El polizonte de las manoplas se acercó, el levantador de pesas lo aferró, mascullando:

– Escupe en mi camisa Hathaway, defensor de maricones. Gene Niles era mi amigo, mi compañero del ejército. ¡Defensor de homosexuales!

Danny apoyó el talón en el suelo y empujó la silla contra la pared.

– Gene Niles era un hijo de perra, un recaudador de esos hampones.
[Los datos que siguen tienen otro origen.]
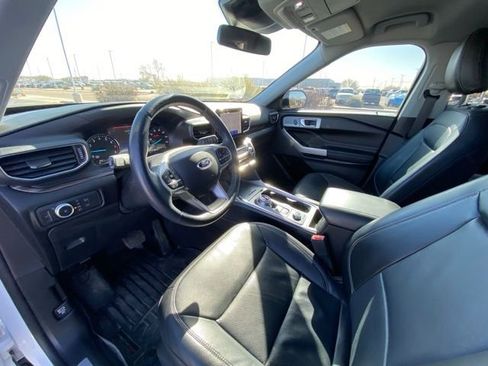 Used 2022 Ford Explorer Limited w/ Equipment Group 301A image 11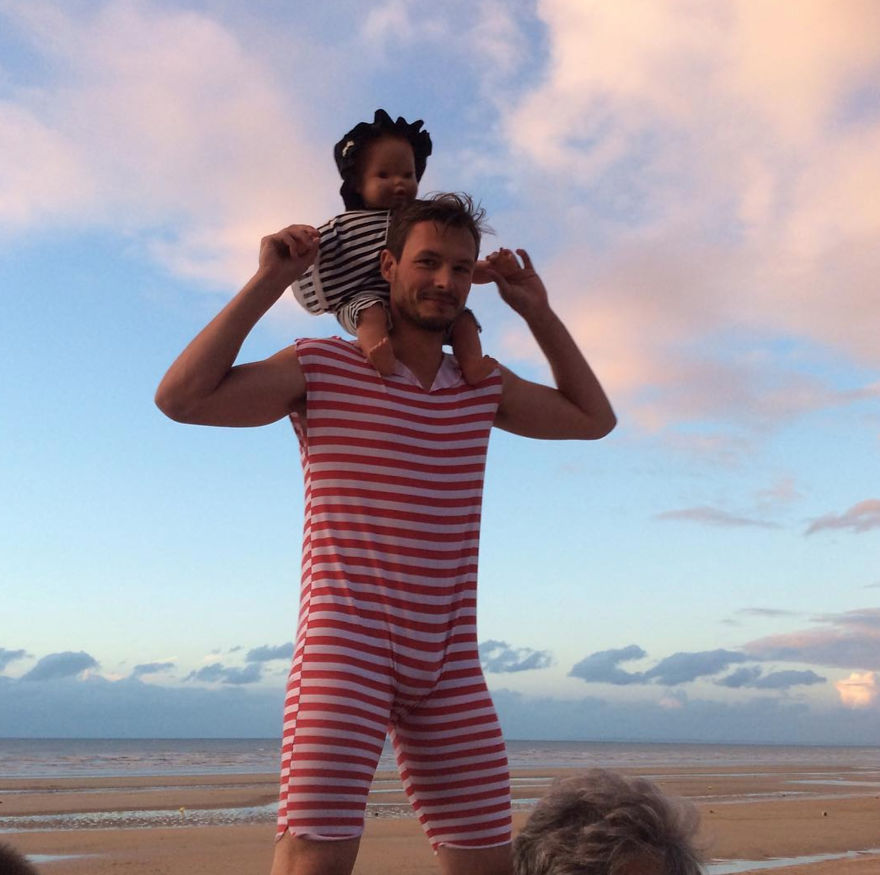 This Baby Zach Ryan Always Match Outfit With His Parents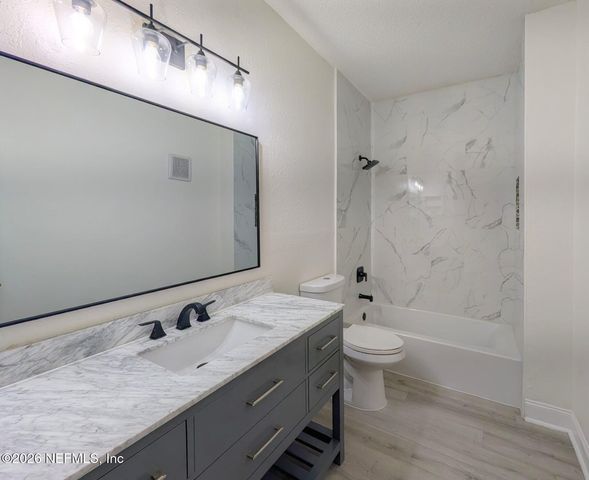 10000 GATE Parkway 726, Jacksonville, FL 32246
El levantador de pesas atacó, buscando la garganta de Danny. La puerta del cubículo se abrió y Mal Considine entró precipitadamente. Thad Green ladró órdenes imposibles de oír. Danny alzó las rodillas para volcar la silla, las manazas del monstruoso policía se cerraron en el aire. Mal se lanzó contra él, lanzándole puñetazos; el policía de la manopla lo apartó y lo arrastró al pasillo. Considine gritó «¡Danny!» varias veces. Green se plantó entre la silla y el monstruo, diciendo «No, Harry, no» como si contuviera a un perro desobediente. Danny mordió linóleo y colillas de cigarrillos, oyó: «Lleven a Considine a una celda». Lo levantaron con silla y todo. El hombre de la manopla le abrió las esposas, Thad Green cogió la 45 que había sobre la mesa.

Danny se levantó, mareado. Green le entregó el arma.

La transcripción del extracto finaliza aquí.